───── Supplied records ─────

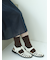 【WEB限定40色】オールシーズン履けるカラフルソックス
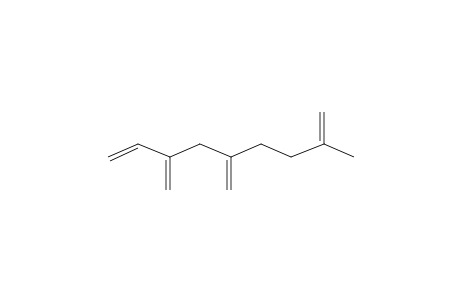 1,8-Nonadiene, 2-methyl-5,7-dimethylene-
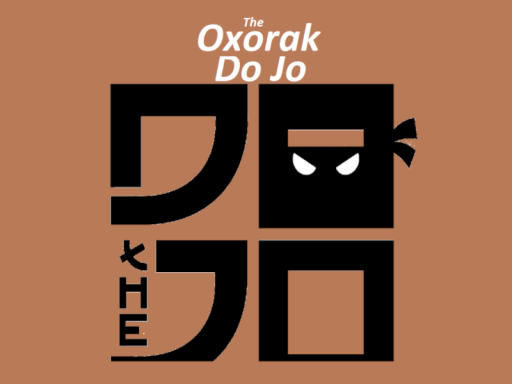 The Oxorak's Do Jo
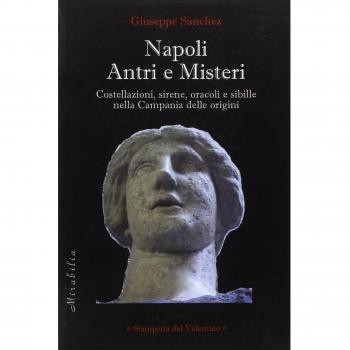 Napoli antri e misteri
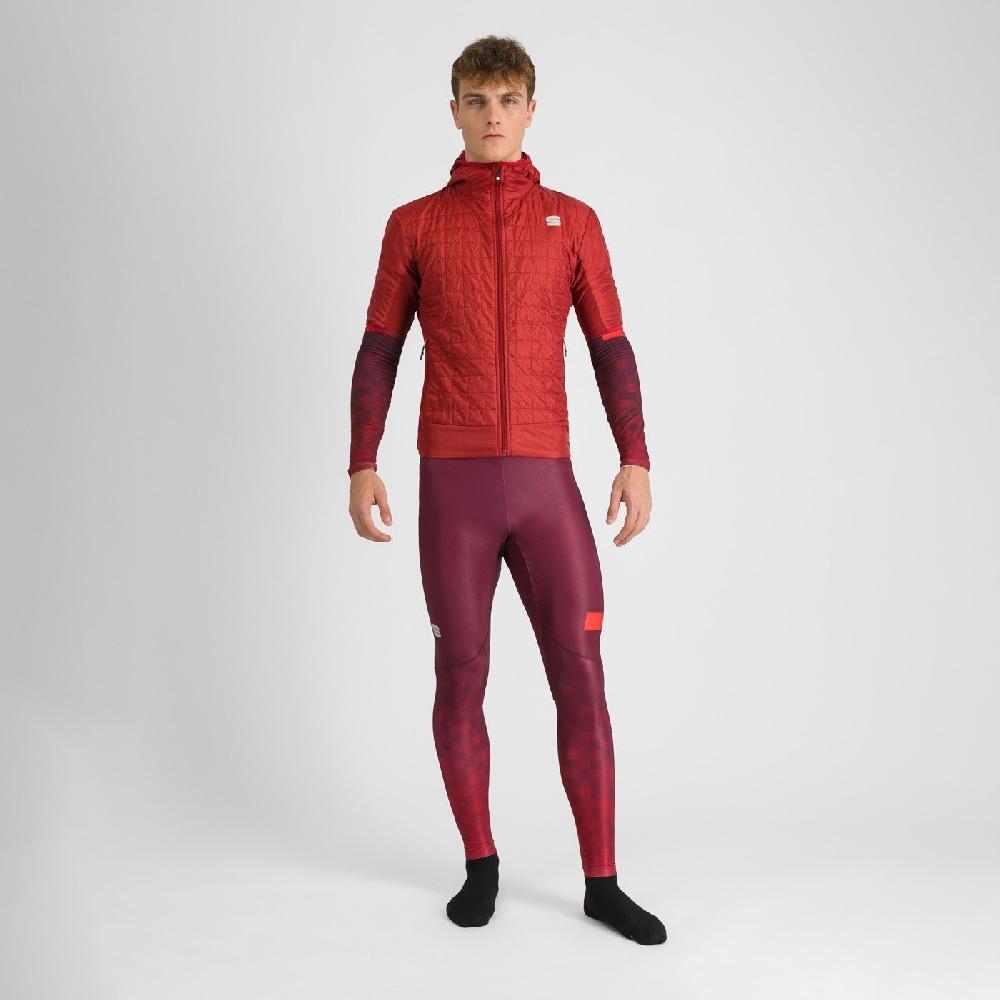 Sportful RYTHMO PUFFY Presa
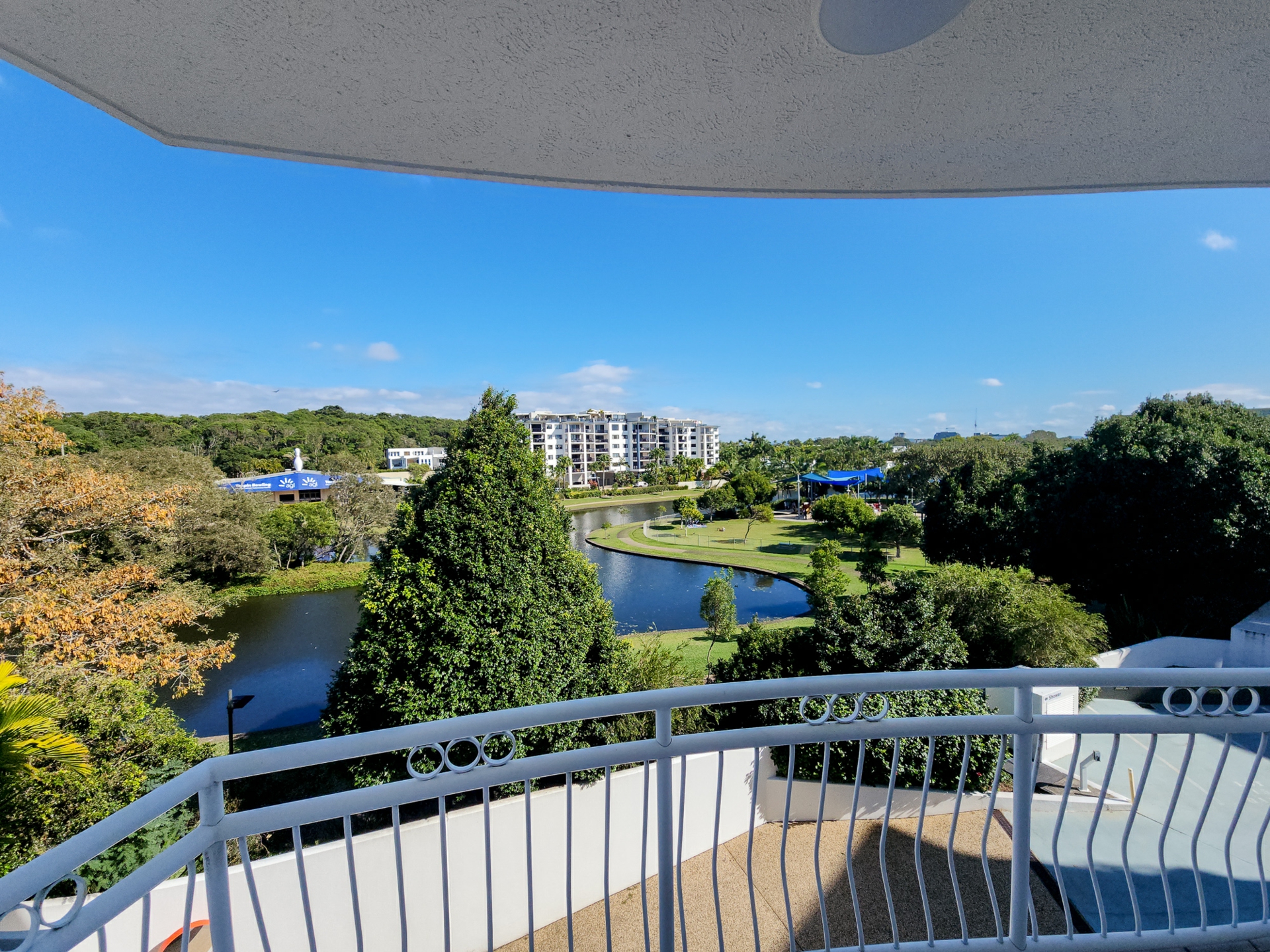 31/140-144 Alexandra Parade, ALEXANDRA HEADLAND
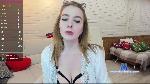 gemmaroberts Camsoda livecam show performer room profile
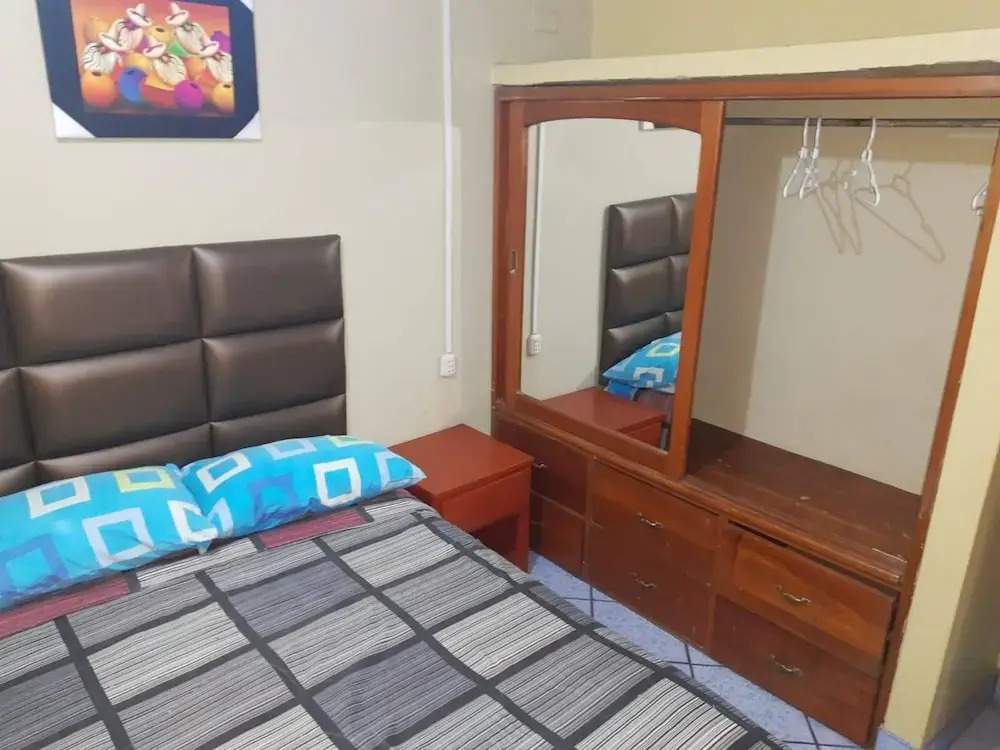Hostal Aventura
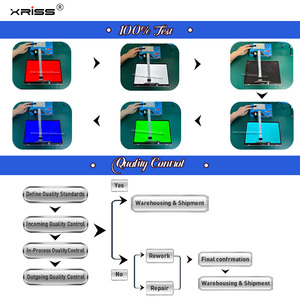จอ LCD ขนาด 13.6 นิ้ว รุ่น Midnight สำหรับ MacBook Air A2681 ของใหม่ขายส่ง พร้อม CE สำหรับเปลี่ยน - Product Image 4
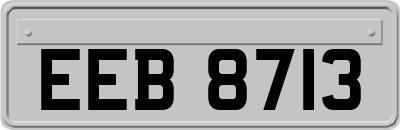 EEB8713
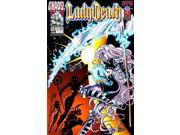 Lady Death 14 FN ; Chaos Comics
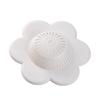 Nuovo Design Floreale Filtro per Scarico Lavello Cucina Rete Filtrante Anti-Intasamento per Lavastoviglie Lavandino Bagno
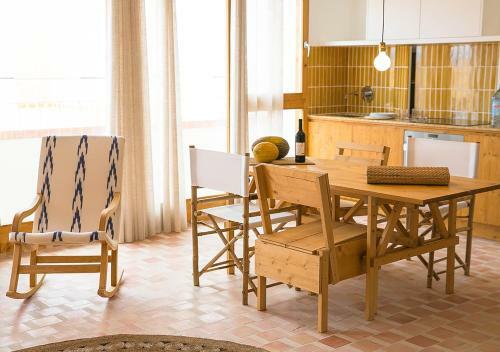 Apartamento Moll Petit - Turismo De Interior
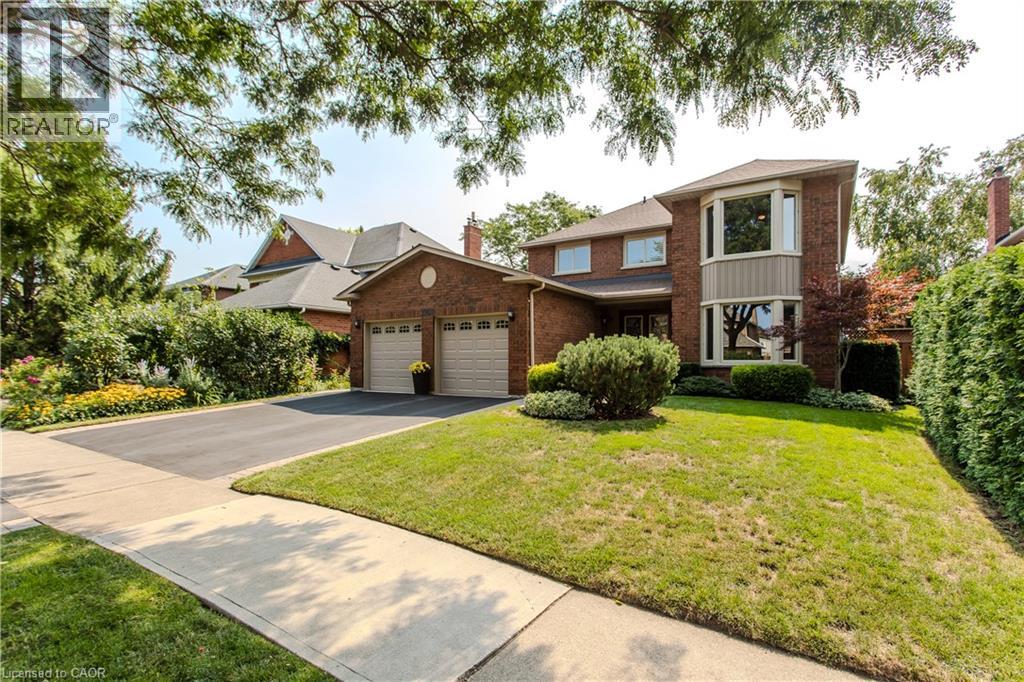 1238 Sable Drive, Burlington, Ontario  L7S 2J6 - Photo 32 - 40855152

─────

Task item
Your answer should be every line above, written out exactly, with no pictures.

Output of the task
 【WEB限定40色】オールシーズン履けるカラフルソックス
 1,8-Nonadiene, 2-methyl-5,7-dimethylene-
 The Oxorak's Do Jo
 Napoli antri e misteri
 Sportful RYTHMO PUFFY Presa
 31/140-144 Alexandra Parade, ALEXANDRA HEADLAND
 gemmaroberts Camsoda livecam show performer room profile
Hostal Aventura
จอ LCD ขนาด 13.6 นิ้ว รุ่น Midnight สำหรับ MacBook Air A2681 ของใหม่ขายส่ง พร้อม CE สำหรับเปลี่ยน - Product Image 4
 EEB8713
 Lady Death 14 FN ; Chaos Comics
 Nuovo Design Floreale Filtro per Scarico Lavello Cucina Rete Filtrante Anti-Intasamento per Lavastoviglie Lavandino Bagno
 Apartamento Moll Petit - Turismo De Interior
 1238 Sable Drive, Burlington, Ontario  L7S 2J6 - Photo 32 - 40855152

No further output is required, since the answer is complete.